I remember buying a product called Mr Hot Dog from an otherwise reputable department store. It was billed as a one-stop device for the domestic production of hot dogs.
It was easily the most useless thing I have ever owned, the steaming canister too small to hold a standard frankfurt, the lid fitting so poorly that steam seeped onto the buns rendering them sodden.
I took a photo of this cruddy piece of landfill and posted it on Twitter by way of a consumer warning, and spent a large part of a Friday night laughing with complete strangers sharing their own stories of domestic rip-offs.
These twin purposes of Twitter, to inform and amuse, now seem light years away from what the app has now become, especially under the derelict ownership of Elon Musk.
What should really be a vehicle for reading, chatting and drunkenly bemoaning umpiring decisions has turned into its own circle of hell.
The rot started a decade or so ago, and was less due to the management of Twitter than the behaviour of those who started using it in increasing numbers.
There was a great piece published in the US a while back saying Twitter was being ruined by “ists” – that is, socialists, fascists, activists, lobbyists – everyone who had an axe to grind or an angle to work.
The piece also argued that the use of the hashtag had also changed.
Where once you could type the sign “#” followed by the topic of your interest to find material, hashtags were increasingly being used as weapons to bully individuals, or so that people could piggyback their own political obsession or some brand they selling onto popular topics which were already trending.
If a fish rots from the head, the decay has proceeded apace since Musk took control, with his morally ambivalent brand of libertarianism turning Twitter (or X as he has stupidly renamed it) into a cross between an open sewer and the bar scene from Star Wars.
On any given day, my unprompted stream of tweets is now filled with pornographic chat bots, people crapping on about Bitcoin, anti-vax nonsense and mournful tweets from some Far Right nutjob in the UK who posts photos of Arabs outside English landmarks with the slogan “London has fallen”.
The level of pornographic entrapment is so off the charts that I would urge any parent to discourage their teenagers from using it amid surging sextortion cases.
The other day I automatically followed back a stranger and immediately received a direct message from them saying “Hi, thanks for the follow, wanna chat?”, the standard gambit of the solicitor of salacious pictures who will then demand money amid threats to post your images across all your social media accounts.
(All this, of course, from some guy in a call centre in Nigeria who bears no resemblance to your new “female” friend in the picture.)
It is in the world of politics where Twitter has become wholly unbearable, not just for the incessant braying of ideologues across the divide, but the genuinely stomach-churning images that are being circulated in the context of the war in Gaza.
In the past two weeks I have seen genuine images released by Israel of a dead baby under a sheet.
I’ve seen a bashing video which apparently culminated with a beheading (I wouldn’t know for sure as I turned off just seconds in).

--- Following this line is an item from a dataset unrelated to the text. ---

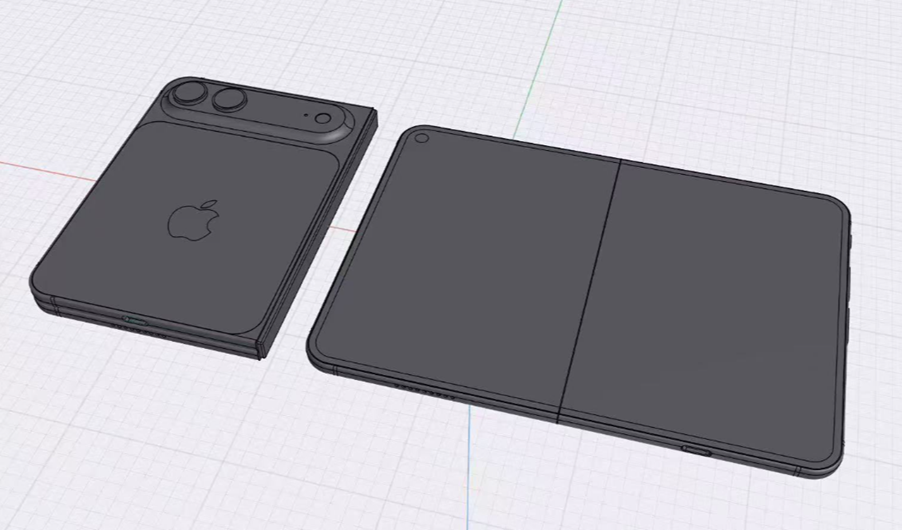 Recently leaked CAD renders of upcoming Apple foldable iPhone. (Image credit - @SonnyDickson on X)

I’ve seen repeated images of babies in cages, which are bogus propaganda distributed by supporters of Israel to discredit Hamas, as if you need to fabricate things to discredit Hamas.
Last Friday, keen as I was to gauge public reaction to the re-release by Taylor Swift of her brilliant album 1989, I typed the hashtag #1989taylorsversion into Twitter and immediately saw two Palestinian toddlers being removed from a bombed apartment, the person who posted it using a pop singer’s name to distribute that material.
And apropos of nothing, I also saw what is effectively a snuff movie of an ice hockey player being killed on the rink by a rogue tackle.
Where’s Mr Hot Dog when you need him?
As a haggard old newspaper guy I have seen plenty of bad stuff. I don’t need to seek it out; or rather, be sought out by it.
It has become so repellent that I have decided to delete the app. If this is Elon Musk’s vision of free speech he can keep it for himself.
He should reflect on whether his brand of “social” media is making the world less social, less civil, less bearable than ever before.